Well, Christmas finally arrived. We lurched towards it in a frenzy of wrapping, carols and market shops and when it finally arrived, the day long naps were punctuated by pauses in which we ate roast veggies and pudding.
I spent Christmas in Maldon with family. Australia’s first notable town. In the last couple of days I enjoyed meandering into town, buying a few bits and pieces from the funky shops that have sprung up on Main Street.
One purchase, my ‘comfy dress’ (sounds inelegant, doesn’t it?) has large pockets. Of which I heartily approve. It always makes me chuckle, finding pockets in a dress, because it takes me back to my old arts honours days, finding little gems on microfilm during the winter weeks I was holed up in Battye Library. It takes me back because of this comment piece from the Westralian Worker in 1914:
WE OPPOSE POCKETS FOR WOMEN.
1. Because pockets are not a natural right.

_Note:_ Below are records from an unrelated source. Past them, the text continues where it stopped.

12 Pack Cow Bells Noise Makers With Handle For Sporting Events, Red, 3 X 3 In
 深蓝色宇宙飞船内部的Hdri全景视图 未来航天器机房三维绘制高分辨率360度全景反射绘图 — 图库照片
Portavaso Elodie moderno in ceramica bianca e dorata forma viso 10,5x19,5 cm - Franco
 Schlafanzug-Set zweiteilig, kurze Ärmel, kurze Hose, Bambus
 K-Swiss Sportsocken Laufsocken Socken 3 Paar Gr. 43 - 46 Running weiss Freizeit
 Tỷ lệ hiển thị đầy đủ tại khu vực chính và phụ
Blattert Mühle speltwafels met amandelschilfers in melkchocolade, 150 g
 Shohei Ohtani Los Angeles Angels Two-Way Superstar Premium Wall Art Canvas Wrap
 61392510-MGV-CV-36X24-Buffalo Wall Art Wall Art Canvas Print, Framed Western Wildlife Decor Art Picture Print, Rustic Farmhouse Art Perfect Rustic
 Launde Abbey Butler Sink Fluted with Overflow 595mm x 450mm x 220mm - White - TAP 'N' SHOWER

2. Because the great majority of women do not want pockets. If they did, they would have them.
3. Because whenever women have had pockets they have not used them.
4. Because women are expected to carry enough things as it is without the additional burden of pockets.
5. Because it would make dissension between husband and wife as to whose pockets were to be filled.
6. Because it would destroy man’s chivalry towards woman if he did not carry all her things in his pockets.
7. Because men are men and women are women. We must not fly in the face of nature.
I located the quoted section in the cached archives of my now husband’s uni blog. He was at the time studying the coverage and political positioning of the Westralian Worker between the wars. I was studying Irish female migration to WA. Both of us spent most of the year crouched over microfilm archives in the state library.